The company, which is 40% owned by services giant Aker and 30% by BP, increased its production by 38% year-on-year to 202,000 b/d of oil equivalent, largely on the back of its 11.6% stake in the giant Johan Sverdrup field, which has been producing in excess of its official first-phase capacity.
An additional boost came from a satellite project in the Valhall area, which feeds into the Ekofisk crude stream. The Valhall Flank West satellite project came on stream last December, and Valhall oil and gas production was up 30% on the year in Q3, at 58,000 boe/d on a gross basis.
The company flagged a further modest reduction in capital spending this year, by $50 million to $1.3 billion, down from an original plan of $1.5 billion, and said it expected per barrel production costs of $8, down from a $10 projection at the start of the year.
It highlighted a number of projects it is working on, including another Valhall satellite project known as Hod, due on stream in Q1 2022, the next phase of the Aerfugl satellite project in the Skarv area, due on stream by year-end, and potential projects in the Alvheim area. It also said it was working closely with state-controlled Equinor to agree a development concept by Q3 2021 for the 500-million-boe Krafla, Fulla and North of Alvheim cluster, which it dubs NOAKA.
Aker BP submitted the development plan for Hod in June after Norway announced temporary tax breaks to help the industry weather the commodity price collapse.
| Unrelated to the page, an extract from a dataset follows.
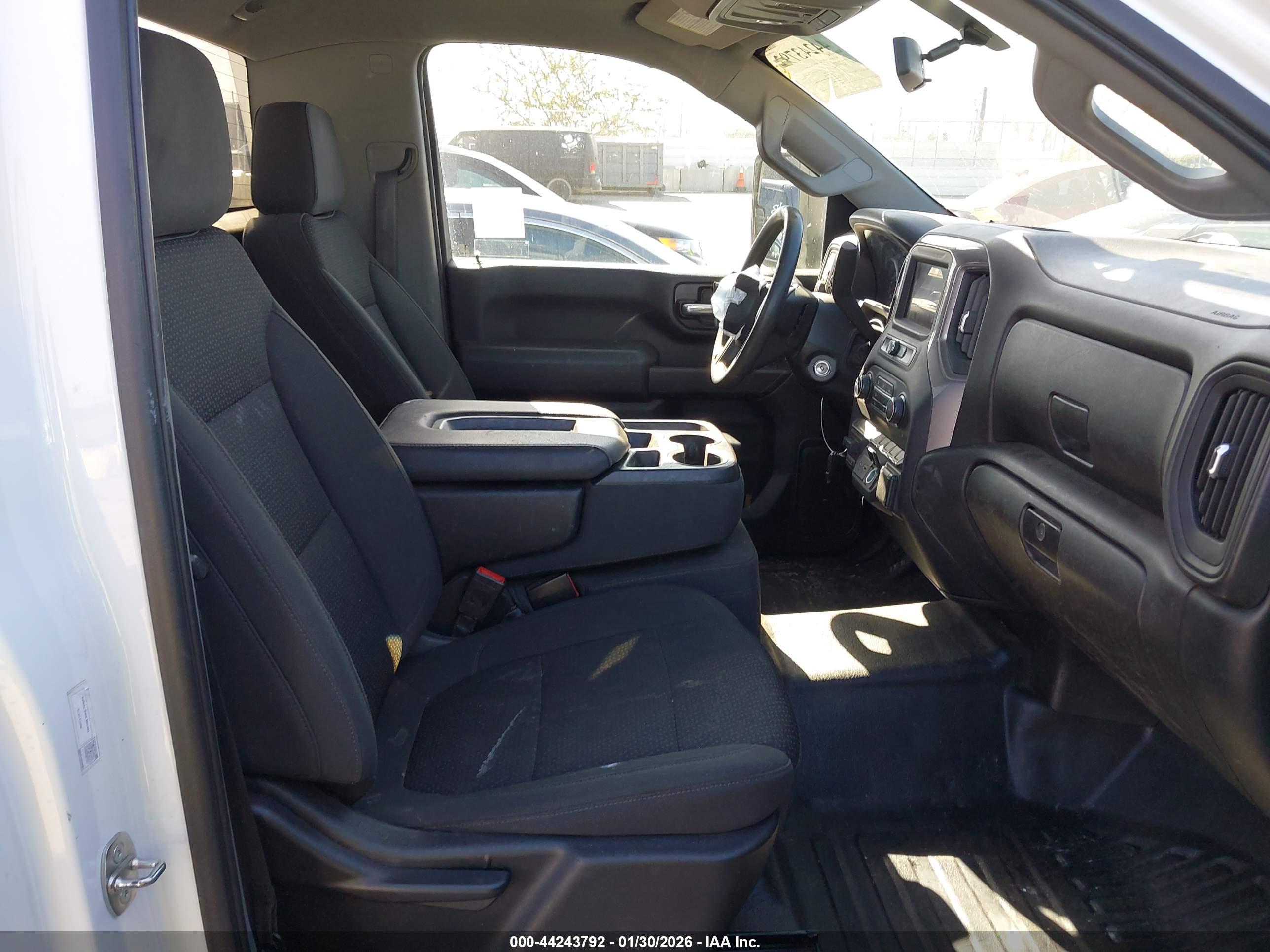 CHEVROLET SILVERADO image 5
The tax breaks speed up reimbursement of capital spending in 2020 and 2021 and also cover projects approved for development into 2022.
"Third quarter 2020 was a strong quarter for Aker BP. We are well on track to deliver on our production guidance for the year, our development projects are progressing as planned, and we are keeping cost and emissions under control," CEO Karl Johnny Hersvik said. "The recent tax changes provides improved investment conditions in Norway and Aker BP is uniquely positioned to benefit from this opportunity through our large project hopper with low break-evens."
The company added it had strengthened its liquidity with a $1.25 billion bond issue during the quarter, alongside an early redemption of $400 million in senior notes due in 2022.